Description of the task: Look below for the line with "Babyhug Disney Terry" and the line with "Sweejar 16 Oz". Copy exactly those two lines and every line between, but not the pictures.
====== Recorded data
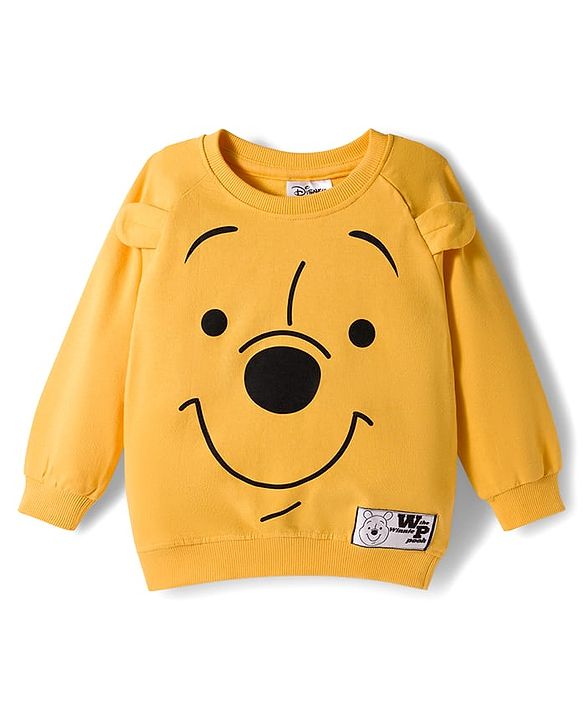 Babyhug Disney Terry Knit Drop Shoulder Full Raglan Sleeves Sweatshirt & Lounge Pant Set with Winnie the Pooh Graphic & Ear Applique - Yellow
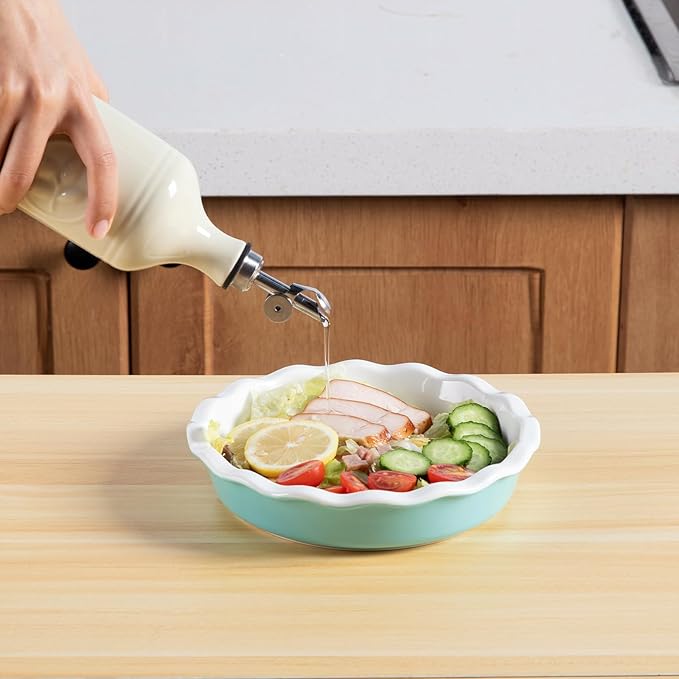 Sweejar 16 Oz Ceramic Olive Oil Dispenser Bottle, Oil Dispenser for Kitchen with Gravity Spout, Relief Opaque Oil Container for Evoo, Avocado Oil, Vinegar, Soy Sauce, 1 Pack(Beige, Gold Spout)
============
====== Recorded data
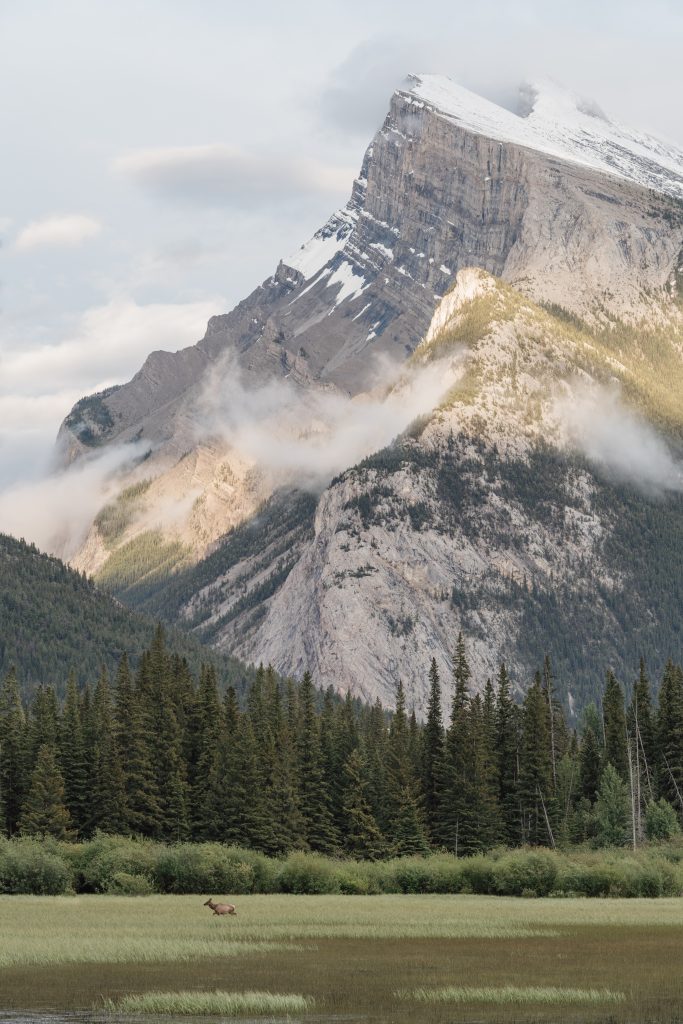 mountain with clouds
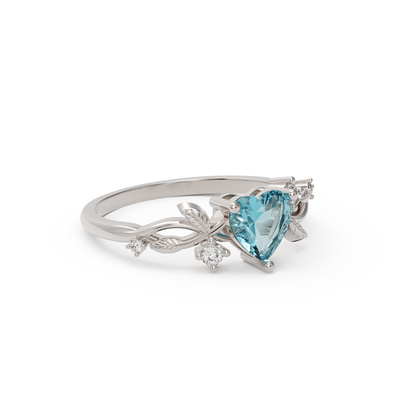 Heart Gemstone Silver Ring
============
Answer to this task:
 Babyhug Disney Terry Knit Drop Shoulder Full Raglan Sleeves Sweatshirt & Lounge Pant Set with Winnie the Pooh Graphic & Ear Applique - Yellow
 Sweejar 16 Oz Ceramic Olive Oil Dispenser Bottle, Oil Dispenser for Kitchen with Gravity Spout, Relief Opaque Oil Container for Evoo, Avocado Oil, Vinegar, Soy Sauce, 1 Pack(Beige, Gold Spout)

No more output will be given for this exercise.